- [EXERCISE OBJECTIVE]
Only some lines are wanted. Transcribe, exactly, the lines below from the line with "Mazda FLAIR 2020 8193763-2" up to and including the line with "Palm Angels 棕榈天使".

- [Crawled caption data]

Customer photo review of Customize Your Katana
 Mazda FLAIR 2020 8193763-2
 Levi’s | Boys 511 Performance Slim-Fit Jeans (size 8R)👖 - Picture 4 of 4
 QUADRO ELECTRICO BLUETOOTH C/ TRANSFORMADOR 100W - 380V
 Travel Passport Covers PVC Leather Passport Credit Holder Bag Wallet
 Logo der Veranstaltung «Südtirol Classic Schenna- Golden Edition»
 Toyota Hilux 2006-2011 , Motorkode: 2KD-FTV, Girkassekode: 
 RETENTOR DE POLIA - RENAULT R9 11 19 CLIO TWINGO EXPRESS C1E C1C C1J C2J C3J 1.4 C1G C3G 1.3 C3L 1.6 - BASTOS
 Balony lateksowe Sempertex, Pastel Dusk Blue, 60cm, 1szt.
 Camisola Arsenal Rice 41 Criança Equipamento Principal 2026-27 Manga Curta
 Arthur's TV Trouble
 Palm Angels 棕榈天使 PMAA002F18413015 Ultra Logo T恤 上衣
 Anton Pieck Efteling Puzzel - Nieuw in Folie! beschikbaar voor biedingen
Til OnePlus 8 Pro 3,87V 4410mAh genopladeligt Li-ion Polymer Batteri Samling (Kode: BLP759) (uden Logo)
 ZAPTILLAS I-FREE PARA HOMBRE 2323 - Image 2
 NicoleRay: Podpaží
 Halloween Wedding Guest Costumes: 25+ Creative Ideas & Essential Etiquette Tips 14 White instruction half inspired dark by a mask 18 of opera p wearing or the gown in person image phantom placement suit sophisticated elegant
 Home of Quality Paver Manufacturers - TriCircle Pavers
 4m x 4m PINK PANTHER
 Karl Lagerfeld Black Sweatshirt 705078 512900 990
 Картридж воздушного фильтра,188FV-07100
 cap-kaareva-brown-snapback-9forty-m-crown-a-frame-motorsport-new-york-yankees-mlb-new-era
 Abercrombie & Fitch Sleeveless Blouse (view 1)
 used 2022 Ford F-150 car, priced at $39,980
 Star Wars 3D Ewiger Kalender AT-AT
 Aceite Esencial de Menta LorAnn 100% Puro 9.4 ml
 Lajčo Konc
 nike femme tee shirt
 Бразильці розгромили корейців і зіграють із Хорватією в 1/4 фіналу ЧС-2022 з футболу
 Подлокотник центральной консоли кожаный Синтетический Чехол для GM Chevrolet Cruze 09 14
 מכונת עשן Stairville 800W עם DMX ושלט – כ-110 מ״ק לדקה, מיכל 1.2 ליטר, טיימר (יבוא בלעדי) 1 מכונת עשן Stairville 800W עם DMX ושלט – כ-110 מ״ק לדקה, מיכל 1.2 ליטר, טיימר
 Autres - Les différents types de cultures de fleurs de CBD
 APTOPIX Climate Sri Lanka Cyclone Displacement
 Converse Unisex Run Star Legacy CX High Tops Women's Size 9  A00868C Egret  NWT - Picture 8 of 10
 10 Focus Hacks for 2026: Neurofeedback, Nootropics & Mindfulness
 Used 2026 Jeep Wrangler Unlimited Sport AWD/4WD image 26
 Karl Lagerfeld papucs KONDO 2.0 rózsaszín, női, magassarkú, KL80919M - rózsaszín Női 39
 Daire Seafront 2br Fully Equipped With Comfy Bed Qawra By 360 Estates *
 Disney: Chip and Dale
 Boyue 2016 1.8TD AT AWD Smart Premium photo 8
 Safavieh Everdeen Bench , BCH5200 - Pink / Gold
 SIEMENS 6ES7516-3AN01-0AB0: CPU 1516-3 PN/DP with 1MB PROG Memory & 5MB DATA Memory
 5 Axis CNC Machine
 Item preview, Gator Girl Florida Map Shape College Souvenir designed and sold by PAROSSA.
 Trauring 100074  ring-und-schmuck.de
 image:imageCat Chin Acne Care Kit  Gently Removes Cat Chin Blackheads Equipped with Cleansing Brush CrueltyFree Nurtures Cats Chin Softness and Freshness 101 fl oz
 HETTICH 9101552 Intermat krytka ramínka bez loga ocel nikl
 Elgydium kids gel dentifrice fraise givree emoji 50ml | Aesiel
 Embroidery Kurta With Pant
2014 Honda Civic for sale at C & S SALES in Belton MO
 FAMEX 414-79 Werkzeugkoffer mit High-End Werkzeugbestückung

- [TASK OUTPUT]
 Mazda FLAIR 2020 8193763-2
 Levi’s | Boys 511 Performance Slim-Fit Jeans (size 8R)👖 - Picture 4 of 4
 QUADRO ELECTRICO BLUETOOTH C/ TRANSFORMADOR 100W - 380V
 Travel Passport Covers PVC Leather Passport Credit Holder Bag Wallet
 Logo der Veranstaltung «Südtirol Classic Schenna- Golden Edition»
 Toyota Hilux 2006-2011 , Motorkode: 2KD-FTV, Girkassekode: 
 RETENTOR DE POLIA - RENAULT R9 11 19 CLIO TWINGO EXPRESS C1E C1C C1J C2J C3J 1.4 C1G C3G 1.3 C3L 1.6 - BASTOS
 Balony lateksowe Sempertex, Pastel Dusk Blue, 60cm, 1szt.
 Camisola Arsenal Rice 41 Criança Equipamento Principal 2026-27 Manga Curta
 Arthur's TV Trouble
 Palm Angels 棕榈天使 PMAA002F18413015 Ultra Logo T恤 上衣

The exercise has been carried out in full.